At the beginning of 2011, Gartner predicted by year-end 2013 (that’s very soon now) at least 15 per cent of Fortune 1000 companies would be using a virtual assistant. The question is: will this prove to be the case?
When it comes to answering questions like that in the digital world, we’ve certainly come a long way from a process that began with the FAQ. Back in 2000, this format was a new online content category, created when websites were first being built on the brand new WWW. The idea was to anticipate customer information needs by using the sort of interactive exchange that goes back to the Socratic method and beyond. As customers typically ask questions to solve their problems, the idea was to provide typical online answers. The FAQ was a frozen simulacrum of conversational interactivity.
Almost ever since Alexander Graham Bell invented the telephone, businesses have enabled users and consumers to ask “real-time” questions over the phone to a contact centre. You often waited a long time, or punched lots of buttons until the right agent answered and talked you through a solution for your hardware problem or your bank query. This kind of customer experience service inevitably led to high staff costs, plus additional management solutions to handle agent supervision, maintain quality and prevent customer loss due to unacceptable wait times.

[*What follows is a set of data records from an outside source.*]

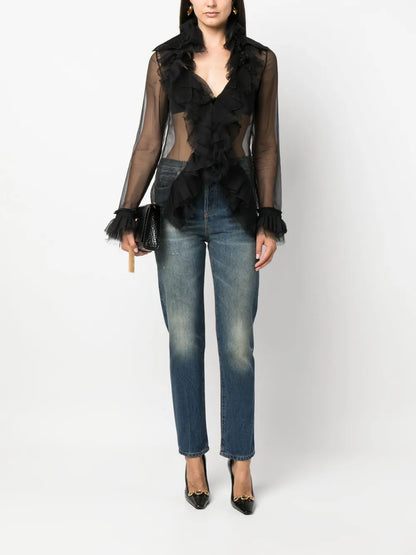 Mid-Rise Straight-Leg Jeans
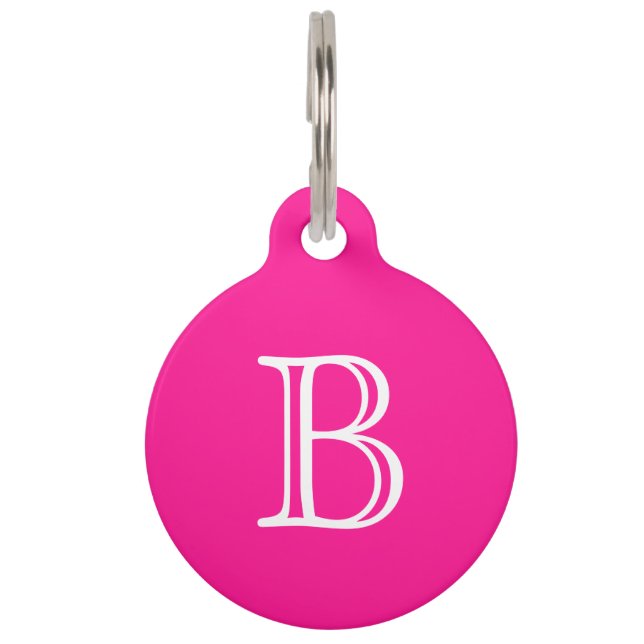 Médaillon Pour Animaux Monogramme rose profonde Nom initial (Devant)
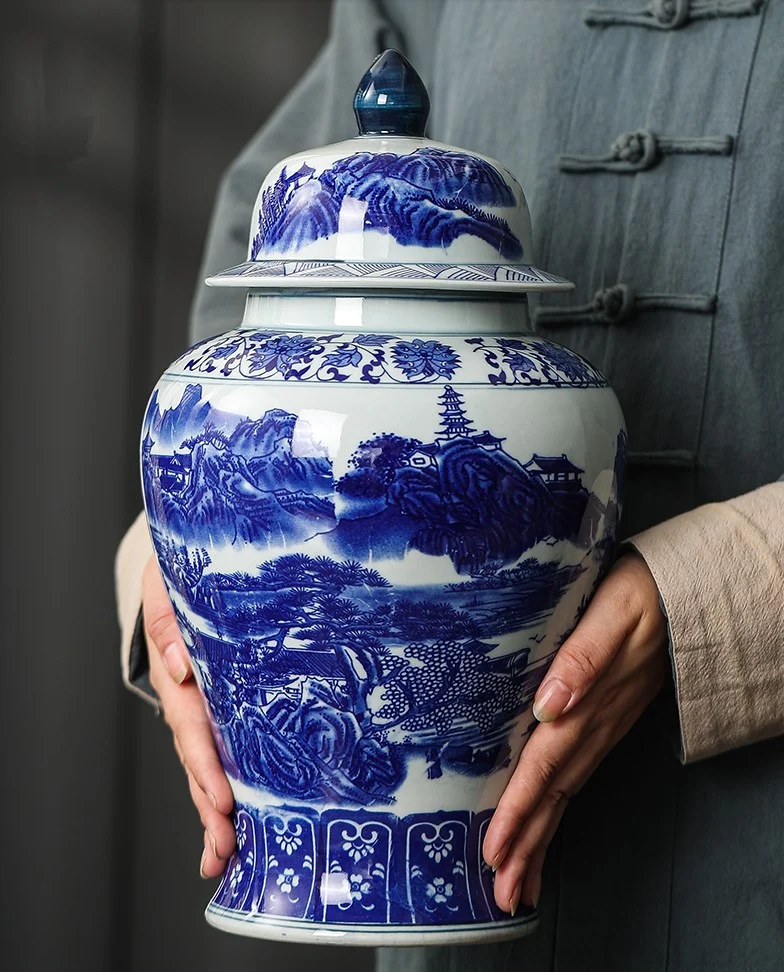 中国アンティークqing王朝青と白セラミック大きな花瓶手作り家の装飾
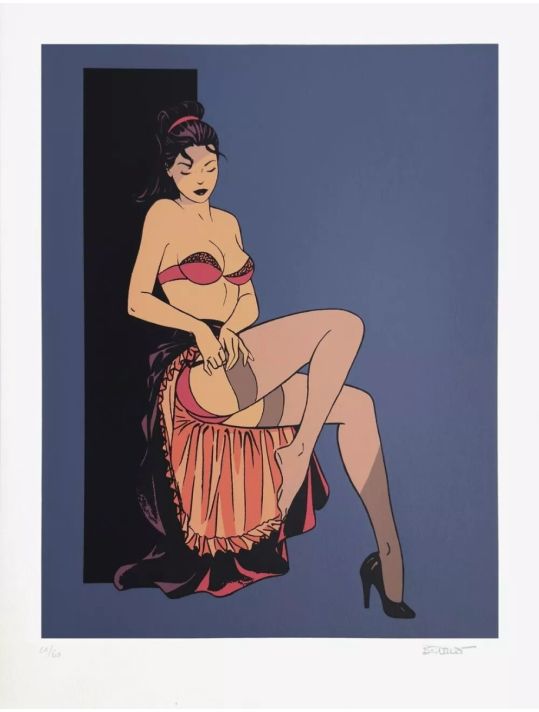 Sérigraphie Pin-up en bas nylon main product photo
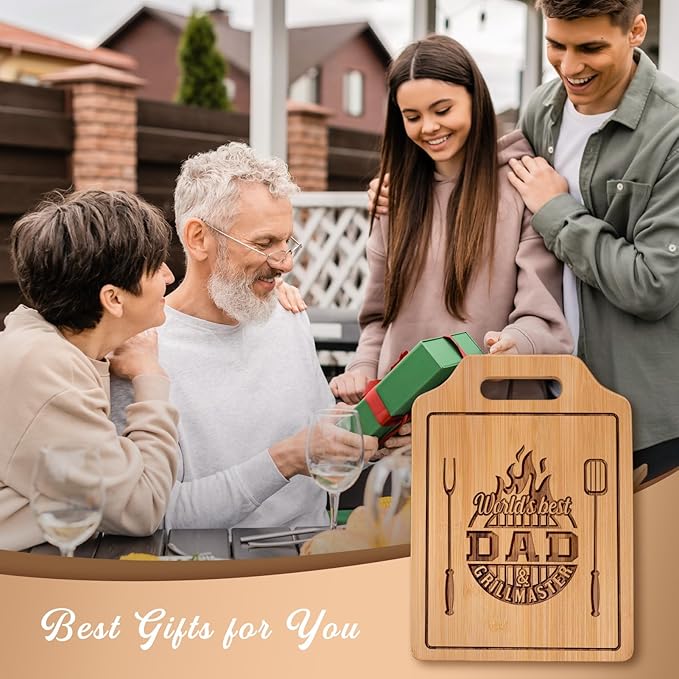 AceThrills Dad Gift for Dad Birthday Gift for Dads Gifts Who Wants Nothing from Daughter Son - Engraved Bamboo Cutting Board 13.78"L x 9.84"W x 0.4"Th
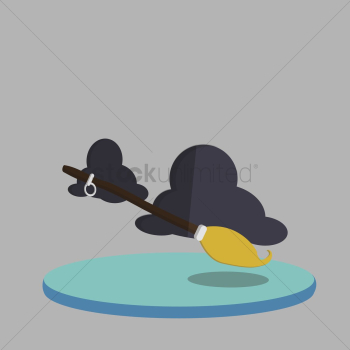Vector of witch broomstick Vector of witch broomstick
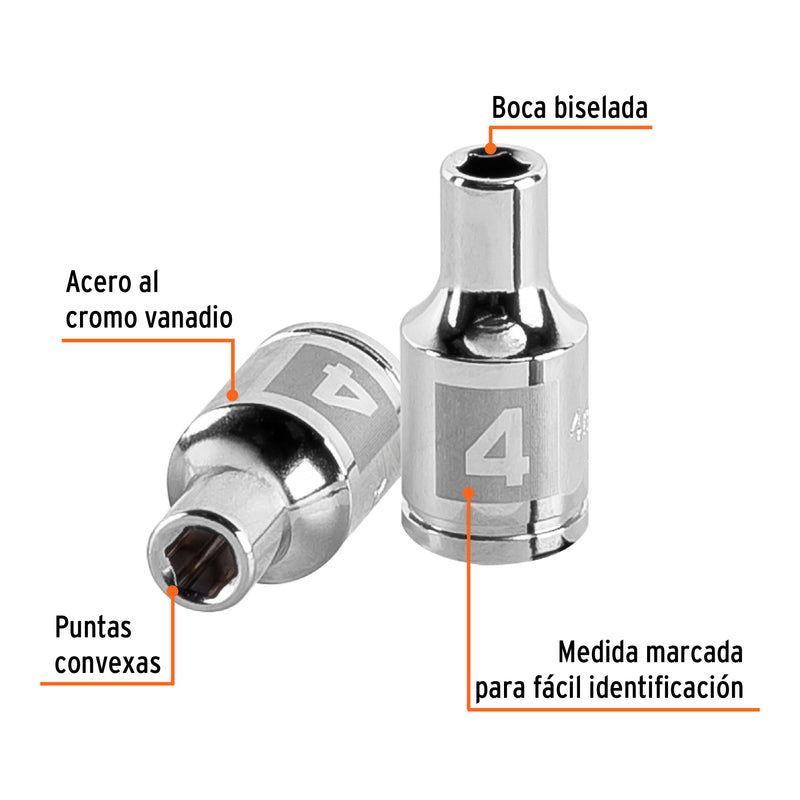 Dado de 4 mm, 6 puntas, cuadro 1/4"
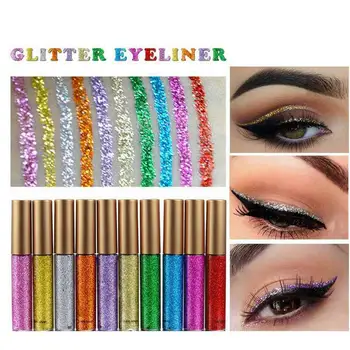 

10pcs Glitter Eyeliners Liquid Shiny Colorful Eye Shadow Eye Makeup Accessories for Women Ladies Girls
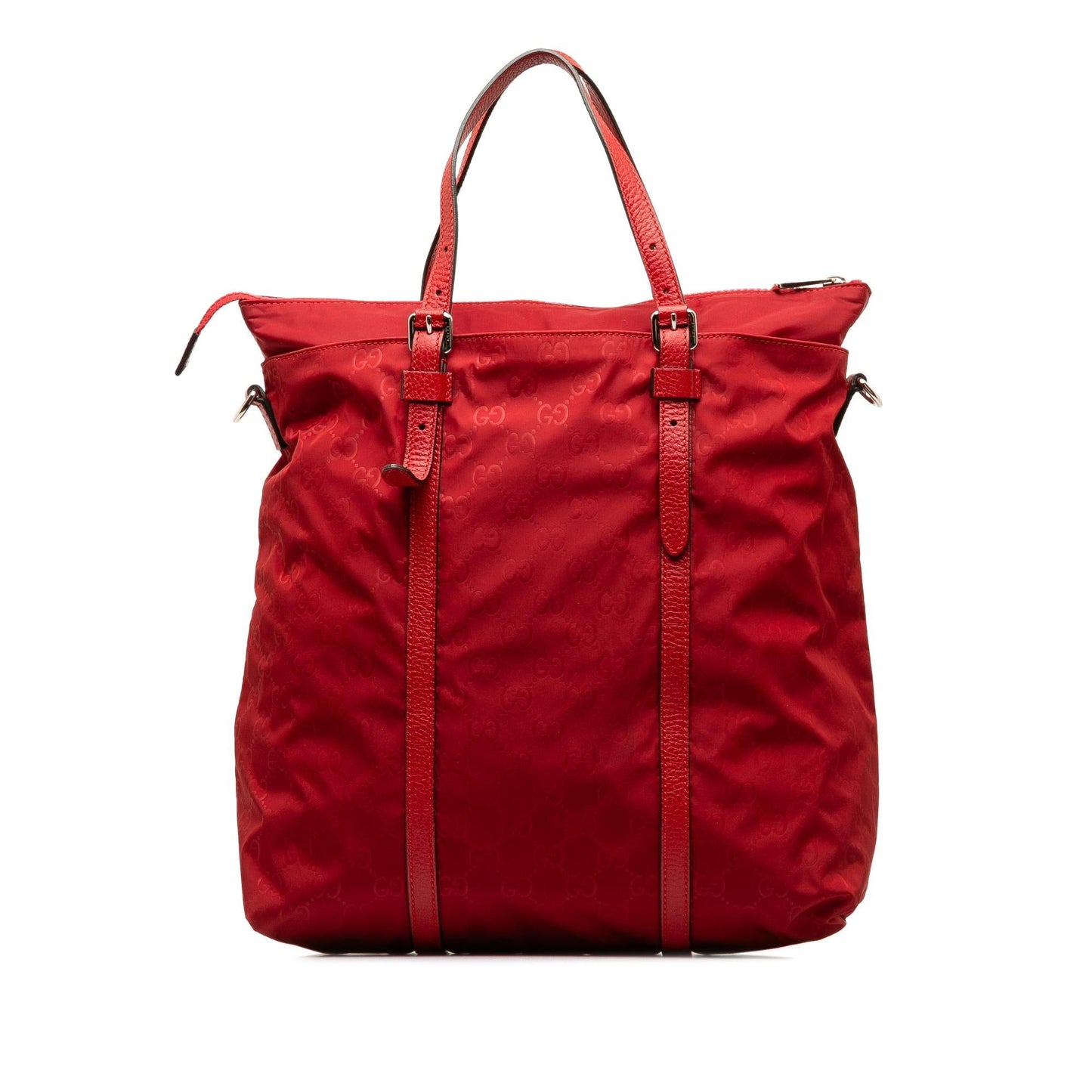 Gucci GG SHG-0ZzSUr Nylon Red Satchel Bag
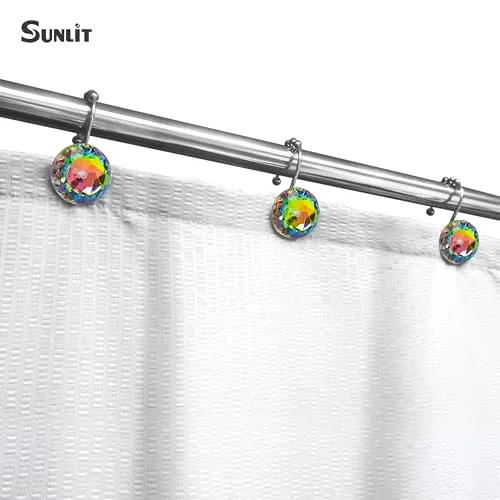 Round Glitter Colorful Crystal Gem Shower Curtain Hooks, photo 4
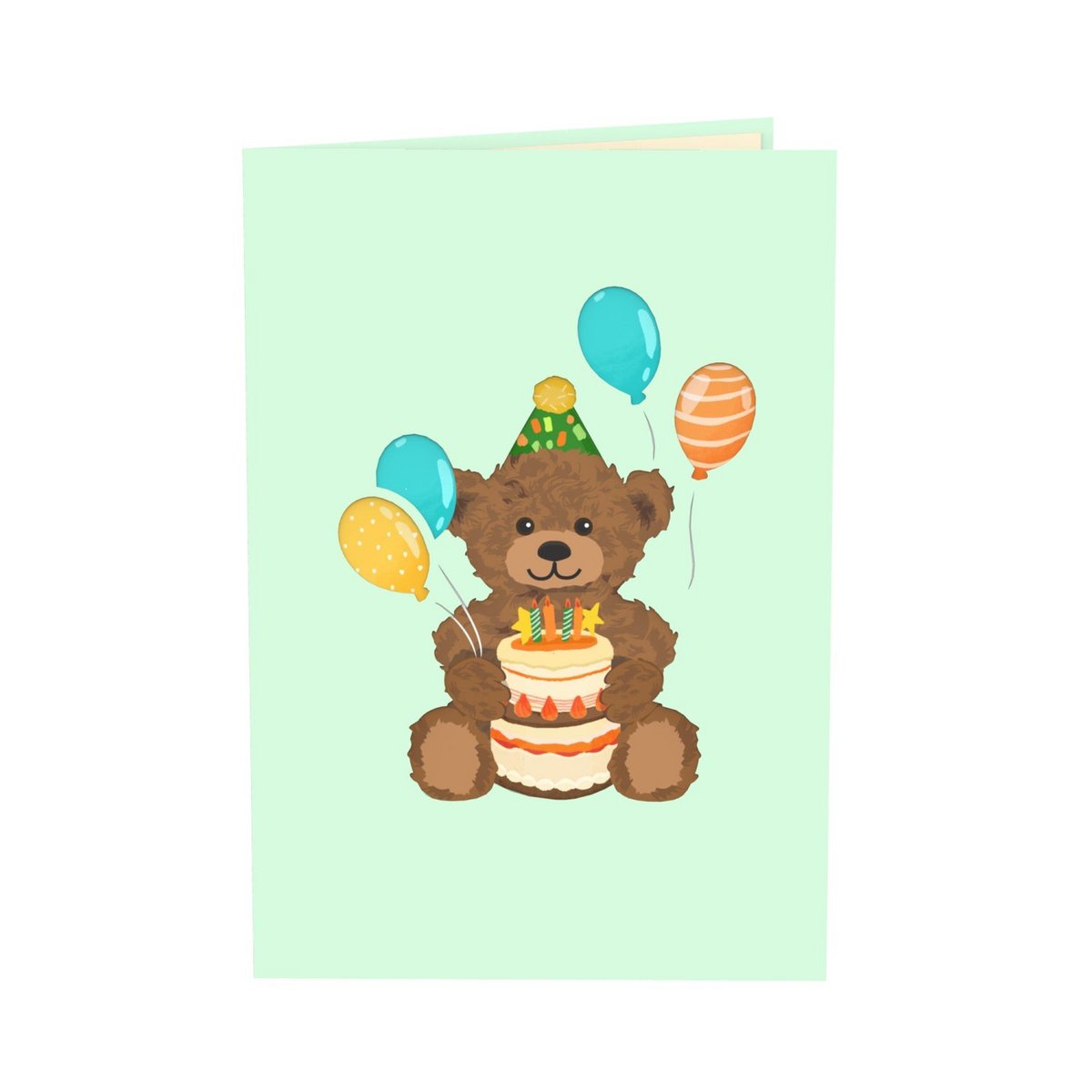 Teddy con tarjeta emergente de pastel de cumpleaños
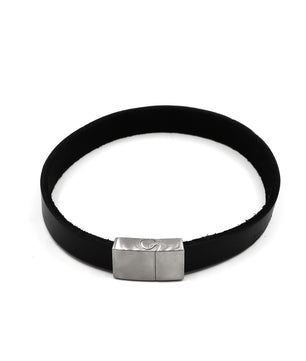 ROMALI Black Flat Leather Magnetic Bracelet - ROMALI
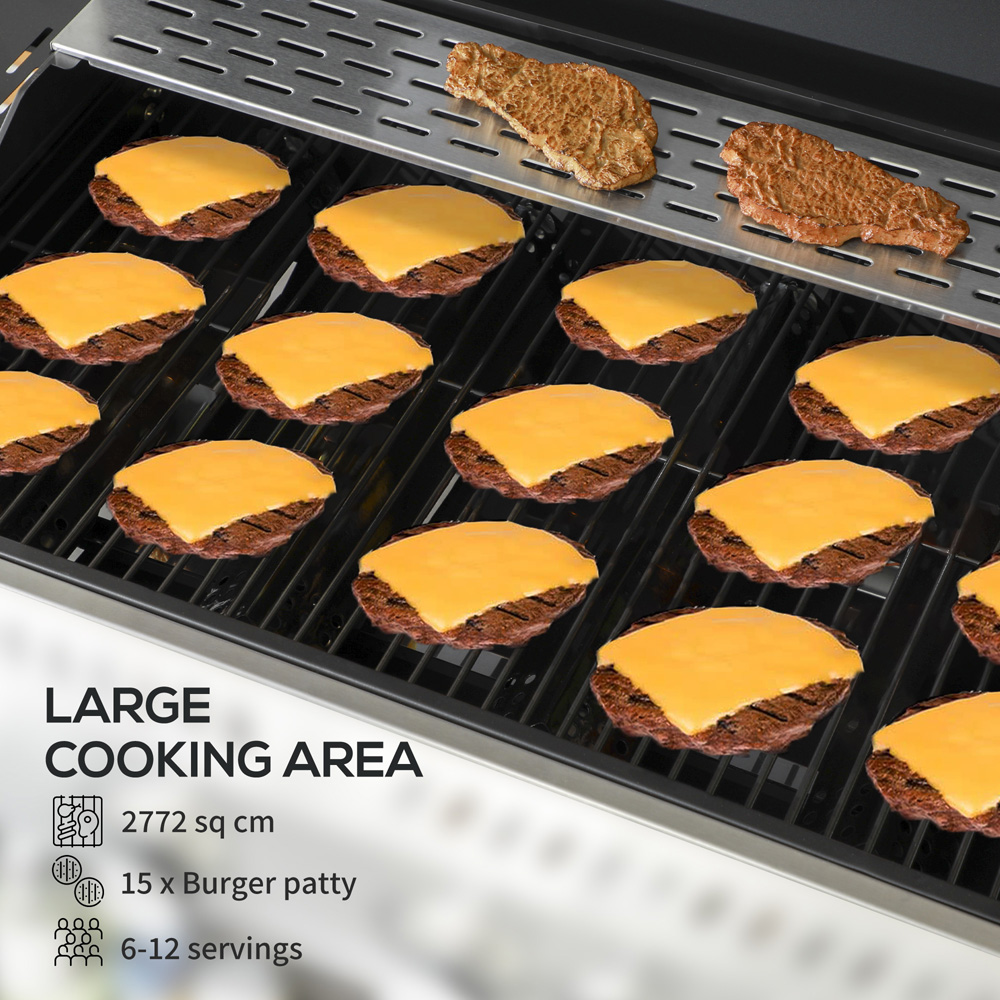 Outsunny Black 5 Burner BBQ Grill Image 4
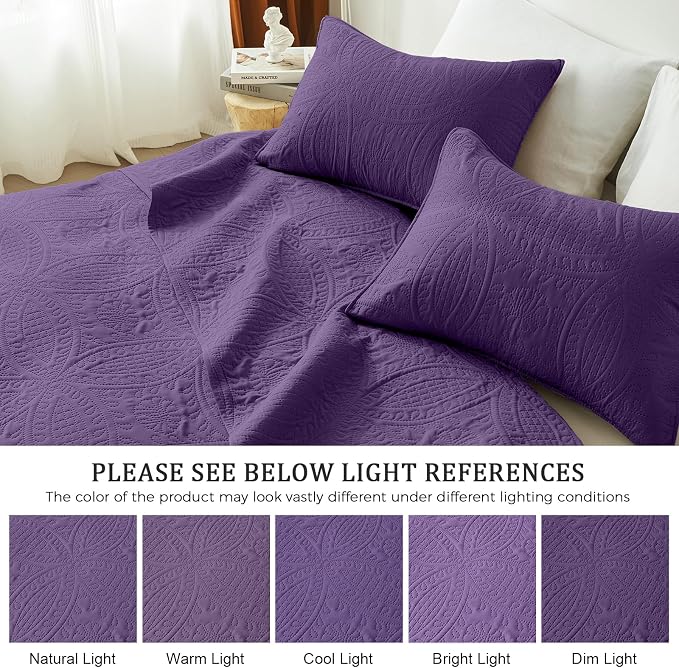 akkialla Purple Full/Queen Quilt Set, Ultrasonic Lightweight Bedspread Coverlet for Modern Minimalist Bedroom, Soft Microfiber Coin Pattern Bedding, 3-Piece (1 Quilt, 2 Pillow Shams) | Breathable fabric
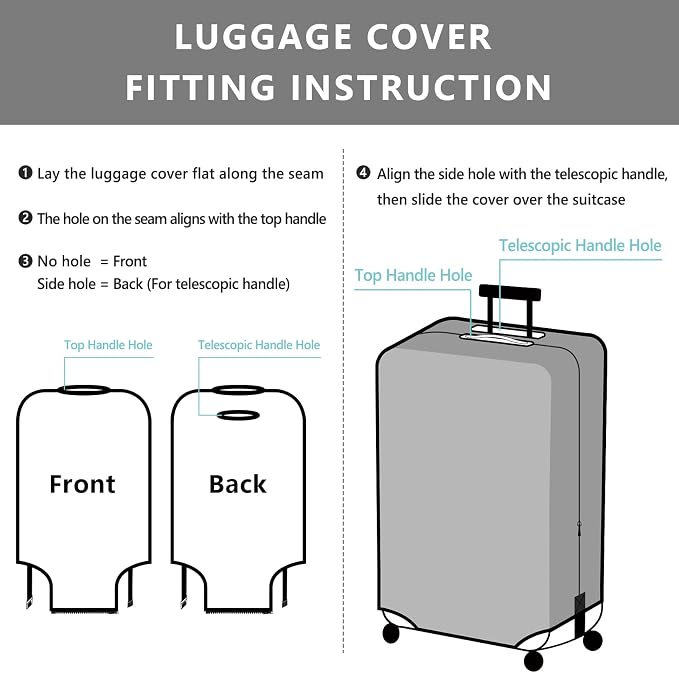 Luggage Cover Suitcase Cover Suitcase Protector Fit 26-28 Inch Luggage - Image 5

One of the great breakthroughs in Q&A sessions like these, therefore, has been the shift from the relative complexity of real-time calls to the apparent simplicity of customer
self-service, using ‘virtual assistant’ online software solutions to extract answers to questions from existing corporate content. Gartner estimates that this self-service market was already worth a billion dollars in 2012.
Up to 2016, the market for global intelligent VAs is
likely to grow by 39% a year.
One of the key players in this new virtual assistant space has been the Barcelona-based company
Inbenta, one of the first European companies to offer an online customer service that can actually
understand the language of the question and then find the most relevant answer. Founded in 2005, Inbenta has unlike many of its competitors invested deeply in a linguistically sophisticated model of language meaning that can be implemented computationally to hide the understanding process from customers and optimise the search for the right information to solve the service question at hand.
This means paying close attention to the potential ambiguities of natural language.
Under the leadership of CEO Julio Prada López, Inbenta has expanded its customer-service client portfolio to more than 90 large companies and organisations, and posted sales of over a million euros in 2012. Its self-service solution has been adapted for websites and intranets and is available in multiple languages.
Inbenta has signed a number of partnerships to expand the range of VA opportunities for clients – one of them in 2011 with CodeBabyhttp://langtechnews.hivefire.com/articles/share/69971/ which provides digital characters that engage website visitors and seamlessly guides them through the online self-service experience.
As a result of this focus on very high quality language understanding technology, Inbenta won an EU Platinum
Seal of e-Excellence In March 2011. And earlier this year, Inbenta was awarded an LT-Innovate Prize at the second LT-I Summit in Brussels, crowning eight years of enviable progress in semantics-driven customer self-service, whatever the device or interface involved.